_Assignment_
Everything in the listing below must be reproduced exactly, apart from its images.

_Material for the task_
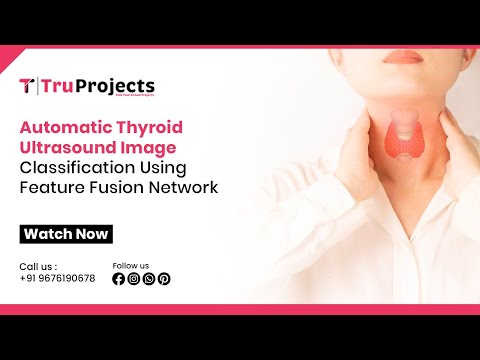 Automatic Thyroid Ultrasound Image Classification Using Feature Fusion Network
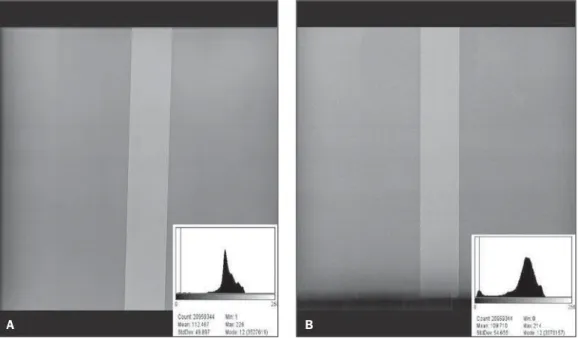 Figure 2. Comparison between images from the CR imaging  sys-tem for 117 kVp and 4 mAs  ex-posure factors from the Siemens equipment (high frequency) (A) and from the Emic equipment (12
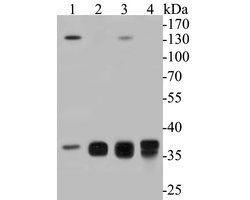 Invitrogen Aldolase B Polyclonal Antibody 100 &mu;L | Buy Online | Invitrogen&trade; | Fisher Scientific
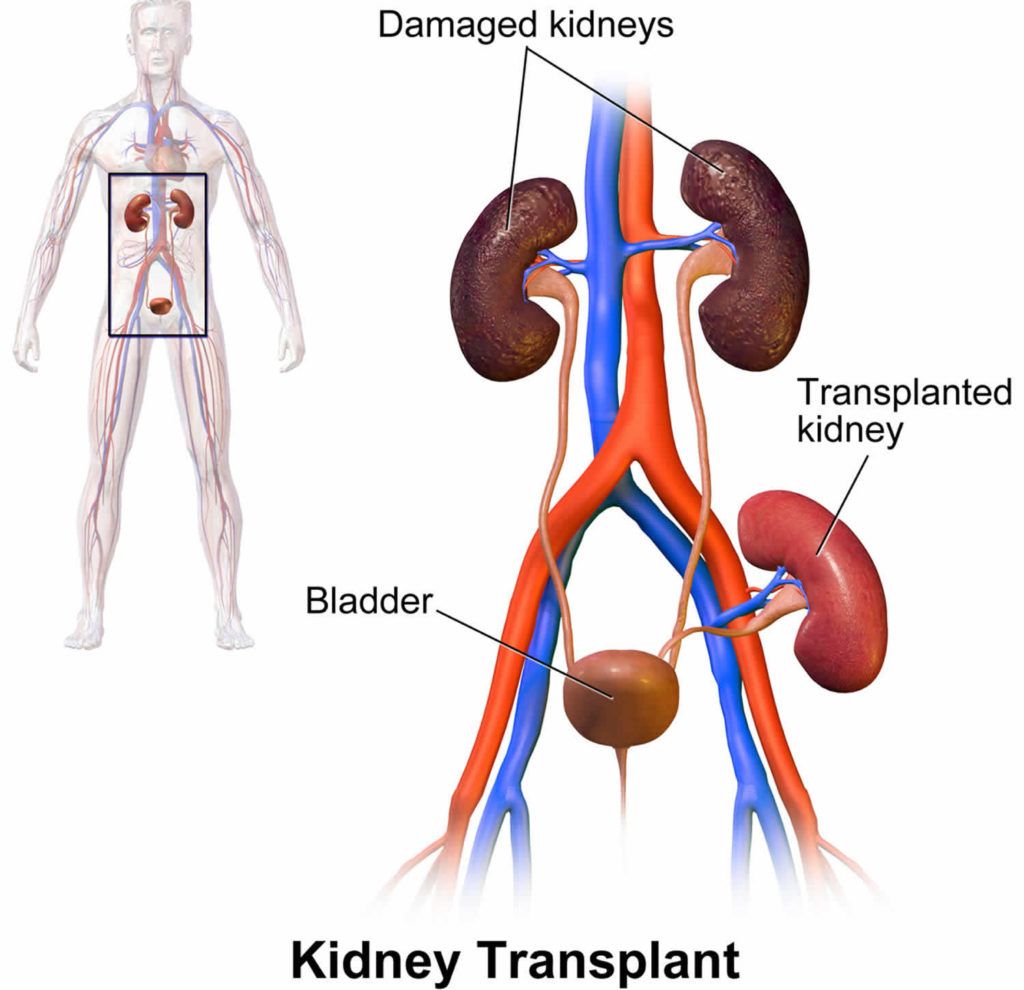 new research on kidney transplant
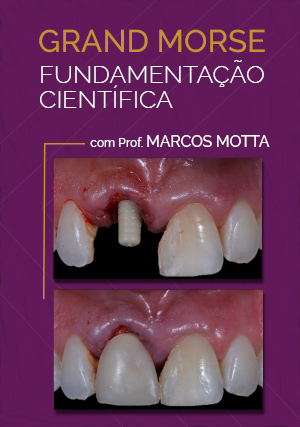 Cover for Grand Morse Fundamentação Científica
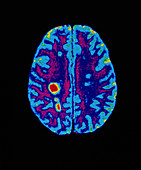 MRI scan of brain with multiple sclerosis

_Answer box_
 Automatic Thyroid Ultrasound Image Classification Using Feature Fusion Network
 Figure 2. Comparison between images from the CR imaging  sys-tem for 117 kVp and 4 mAs  ex-posure factors from the Siemens equipment (high frequency) (A) and from the Emic equipment (12
 Invitrogen Aldolase B Polyclonal Antibody 100 &mu;L | Buy Online | Invitrogen&trade; | Fisher Scientific
 new research on kidney transplant
 Cover for Grand Morse Fundamentação Científica
 MRI scan of brain with multiple sclerosis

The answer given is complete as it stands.